Rio Grande National Forest - Chama, NM

The trip to Antonito takes about an hour by car, which leaves plenty of time to hit the Continental Divide Trail on your way back! As with most national forests, leashed pets are welcome on on the trails.

Rio Grande National Forest - Continental Divide Trail - Chama, NM

Rio Grande National Forest - Continental Divide Trail - Chama, NM

Day Trip 2: West from Chama

Depending on the direction you head out of Chama, the landscape is surprising varied. To the north are the ragged mountain peaks. Our day trip to the west deposited us in sweeping pastures, dotted with cows, goats, sheep, and even a few llamas! The San Juan National Forest lies between Chama and Pagosa Springs, and again, the drive takes a little more than an hour.

Pagosa Springs, CO

Pagosa Springs, CO

Thanks to the hot springs that bubble to the surface in Pagosa, people have been coming to soak in the warm waters forever. Tourism is a major component of the economy, and you’ll find plenty of pet friendly things to do in this northern New Mexico town!
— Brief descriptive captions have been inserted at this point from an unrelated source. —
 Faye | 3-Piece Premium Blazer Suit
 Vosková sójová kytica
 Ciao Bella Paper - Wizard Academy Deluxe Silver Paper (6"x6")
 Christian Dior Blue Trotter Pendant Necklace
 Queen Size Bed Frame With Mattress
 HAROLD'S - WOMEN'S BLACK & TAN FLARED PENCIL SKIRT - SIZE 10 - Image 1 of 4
For urban hiking, check out the lovely paved trail along the river. For a more rugged hike, stop by the National Forest Ranger Station and get insider tips on the most scenic drives and hikes in the area. There are also interesting shops along the main drag, and Pagosa Brewing and Grill allows dogs on their outdoor patio. Or, enjoy a picnic in one of Pagosa’s fantastic parks.

Pagosa Springs, CO

Ty in Pagosa Springs, CO

Day Trip 3: South from Chama

Driving south from Chama takes you to the dramatic sandstone cliffs and hills that have inspired famous artists, like Georgia O’Keeffe and Ansel Adams. Abiquiú - Ghost Ranch - Chama, NM

Abiquiú - Ghost Ranch - Chama, NM

Echo Amphitheater

Our first stop was the Echo Amphitheater. After all, is there anything more enjoyable than listening to yourself bark? Buster doesn’t think so, and this was the perfect place for him to test his pipes. This natural sandstone echo chamber is fun for kids of all ages as well as dogs. Woof, woof!
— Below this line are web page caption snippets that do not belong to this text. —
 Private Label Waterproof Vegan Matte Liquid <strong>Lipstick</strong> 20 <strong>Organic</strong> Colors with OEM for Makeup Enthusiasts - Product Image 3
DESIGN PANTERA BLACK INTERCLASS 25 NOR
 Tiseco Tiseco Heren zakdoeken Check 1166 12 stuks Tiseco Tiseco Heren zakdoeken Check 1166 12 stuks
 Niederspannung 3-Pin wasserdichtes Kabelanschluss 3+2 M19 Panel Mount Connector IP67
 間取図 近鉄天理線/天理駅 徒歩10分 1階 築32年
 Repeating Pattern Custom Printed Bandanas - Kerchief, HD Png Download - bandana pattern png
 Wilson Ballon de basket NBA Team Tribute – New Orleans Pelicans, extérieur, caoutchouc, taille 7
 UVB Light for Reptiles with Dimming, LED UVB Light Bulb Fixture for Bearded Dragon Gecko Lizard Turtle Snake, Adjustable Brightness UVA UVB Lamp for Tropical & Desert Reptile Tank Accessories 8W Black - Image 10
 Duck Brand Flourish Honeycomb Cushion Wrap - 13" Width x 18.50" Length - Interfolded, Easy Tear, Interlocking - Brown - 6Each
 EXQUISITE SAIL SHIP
Echo Amphitheater - Chama, NM

Echo Amphitheater - Chama, NM

Ghost Ranch Education & Retreat Center

Just down the road is the 21,000-acre Ghost Ranch Education and Retreat Center. Formerly owned by Georgia O’Keeffe, the center now has two museums, as well as tours, movies, hiking trails, horseback riding, workshops, camping, and lodging. (Unfortunately, they don’t offer pet friendly rooms).

There are nine hiking trails here, with options for every experience level. And leashed dogs are welcome to join you everywhere on the property – including the visitors center. There’s a $3 per person conservation fee to use the trails, and the views are well worth the price of admission!
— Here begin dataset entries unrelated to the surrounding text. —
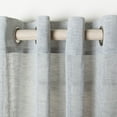 thumbnail image 2 of SAFAVIEH Delancey Grommet Curtain Window Panel, 52" x 84", Grey, 2 of 3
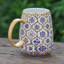 Tasse en porcelaine royale faite à la main Huxham Pagar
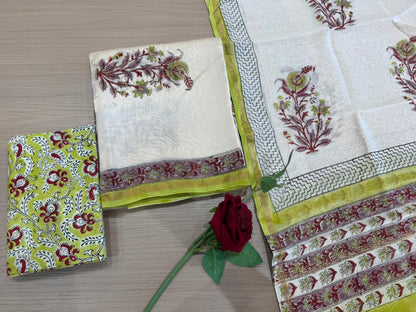 Chanderi Silk Suit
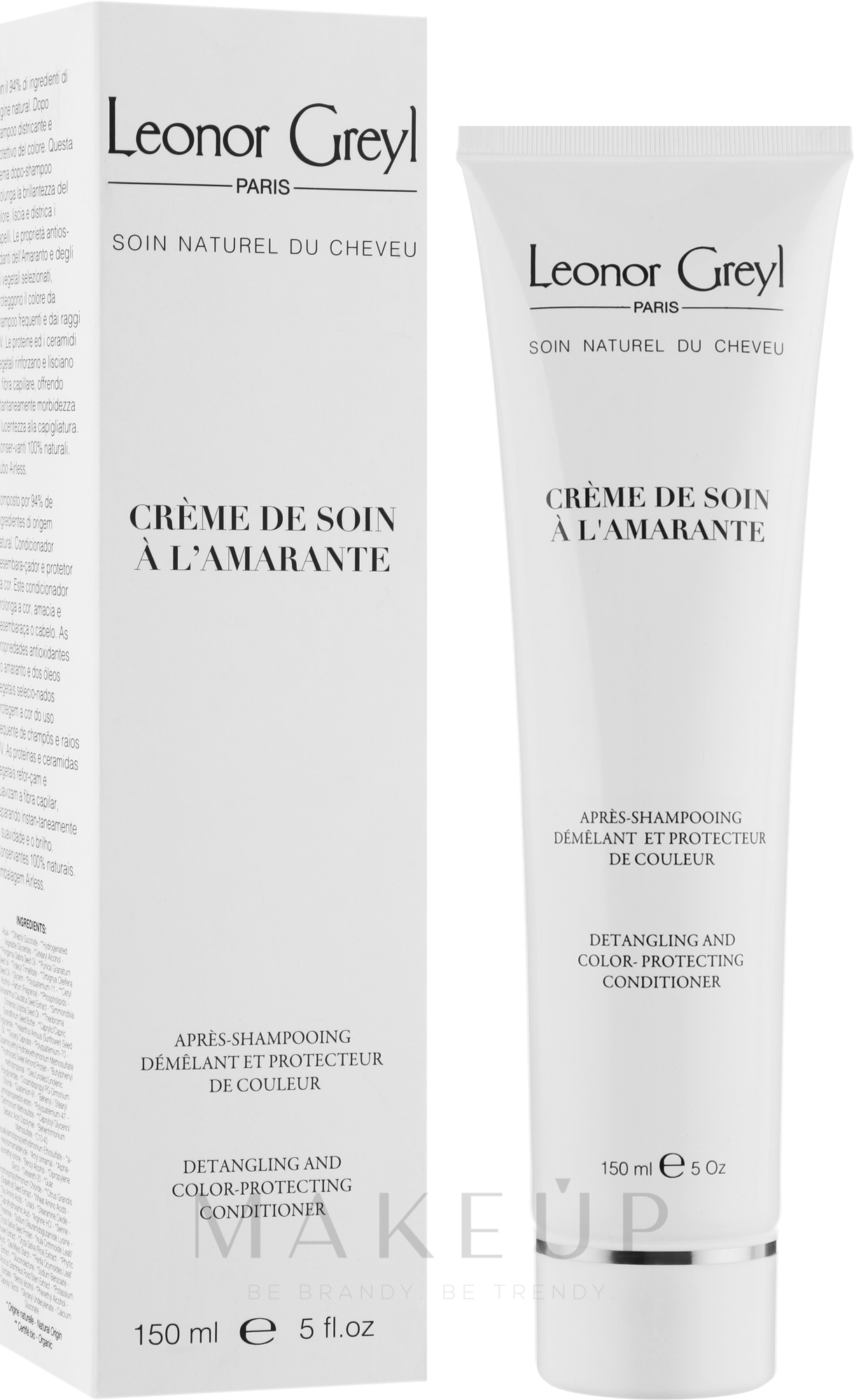 Haarspülung zum Farbschutz - Leonor Greyl Specific Conditioning Masks Creme De Soin A L'amarante — Bild 150 ml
Abiquiú - Ghost Ranch - Chama, NM

Abiquiú Lake

Across from Ghost Ranch is the 5,200-acre Abiquiú Lake and Dam. There’s a gorgeous RV park right on the lakeshore, a boat launch, and a four-mile hiking trail. The views of the lake and Cerro Pedernal, the flat-topped mesa to the south, are outstanding.

The visitor’s center at the dam has information on many more things to do in the immediate the area. We ran out of time, but we’ll have plenty to look forward to on our next visit!

Abiquiú Lake - Chama, NM

Abiquiú Lake - Chama, NM

Heading East from Chama

When you’ve thoroughly explored what’s north, west, and south of Chama, it’s time to pack up and move on. Heading east, you’ll pass through the Carson National Forest and arrive at funky town of Taos. There’s so much to do and see around Taos, it’s too much to cover in a day. Settle in for a couple days and take your time getting to know this little corner of New Mexico. From there you may want to continue a little further east to the picturesque ski village of Angel Fire.

Chama, NM

We hope our paws-on-the-ground research of pet friendly things to do in northern New Mexico makes your trip even more fun! Have a suggestion for other pet travelers in this area? Be sure to share it in the comments below!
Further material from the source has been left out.